El problema que genera la unión entre las instituciones jurídicas con la nación fue evidente durante todo el pasado siglo XX y se manifestó claramente durante el período de entreguerras. En ese periodo se puso de manifiesto que la configuración estatal moderna, ligada a la cuestión nacional, fue incapaz de hacer frente al problema de los apátridas, el grupo más sintomático de la política de la época. En ese período las personas apátridas fueron arrojadas a una existencia al margen de la ley. En cuanto los gobiernos hicieron uso del arma de la desnacionalización, las personas que fueron privadas de sus derechos nacionales (los únicos derechos garantizados por los Estados-Nación) perdieron todo reconocimiento como sujetos de derechos.

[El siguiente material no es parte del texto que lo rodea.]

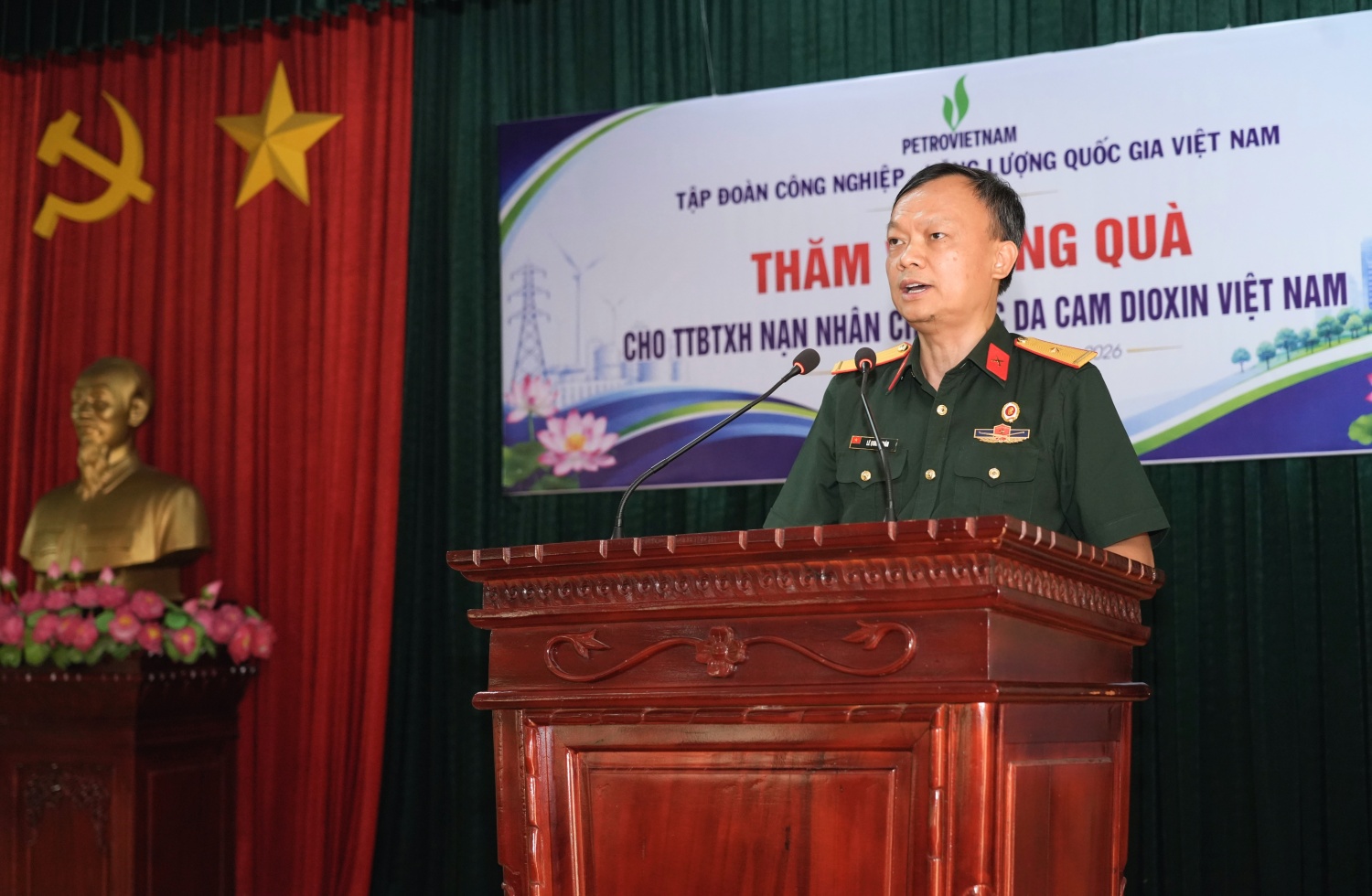 Hội CCB Bộ máy QL&ĐH PETROVIETNAM chung tay xoa dịu nỗi đau da cam Hội CCB Bộ máy QL&ĐH PETROVIETNAM chung tay xoa dịu nỗi đau da cam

Tradicionalmente el Estado-nación se ha vinculado con la homogeneidad de la población y su enraizamiento en un determinado territorio. Por ello no es de extrañar que las opciones que se les ofrecía a las minorías en el seno de las Naciones-Estados durante el periodo de entreguerras se redujeran a dos: o bien eran asimiladas o liquidadas. Si sólo las personas del mismo origen nacional pueden disfrutar de la completa protección de las instituciones legales, a las personas de nacionalidad diferente solamente les queda una opción para conseguir protección: ser completamente asimiladas y divorciadas de su origen.
Desafortunadamente estos problemas acarreados por la configuración política y jurídica del Estado-nación no fueron solventados después de la segunda guerra mundial. Un ejemplo dramático de ello es la institución del Estado de Israel como una Nación-Estado, que lejos de resolver el problema de las minorías y los apátridas, simplemente produjo una nueva categoría de refugiados, los árabes, aumentando el número de apátridas. Y este no fue un hecho aislado, lo mismo sucedió en la partición de la India, un proceso histórico plagado de matanzas y desplazamientos de minorías religiosas.
Repensar otra clase de comunidad organizada se vuelve un imperativo para concebir una igualdad que no excluya a los individuos que no pertenezcan a una determinada nación. La comunidad de iguales a la que hemos de aspirar no debería de entenderse como una homogeneidad sustancial, basada en la nación, que tiende a eliminar la pluralidad. Si pretendemos que el status legal no se convierta en privilegio de una parte de la población, es necesario abandonar la forma del Estado-Nación. La nación vincula a ciertos individuos pero desvincula a otros, expulsándolos, recluyéndolos en centros de internamiento o, en el peor de los casos, aniquilándolos.
Cabe pensar en una soberanía popular que no se identifique con el nacionalismo, que no exija unos requisitos de pertenencia que eliminen las múltiples voces, la polifonía de la acción política, de la esfera pública. Por otra parte, para ampliar lo que entendemos por democrático, como poder del pueblo, quizá tengamos que repensar el concepto de soberanía, que hasta el momento parece haber sido un privilegio de los Estados-nación con mayor hegemonía a nivel planetario. La soberanía entendida como poder político completamente autosuficiente, sin interferencias externas, no ha sido una realidad para muchos pueblos y comunidades. Quizá antes de negar toda interdependencia entre pueblos, hay que concebir fórmulas de dependencia que no impliquen opresión.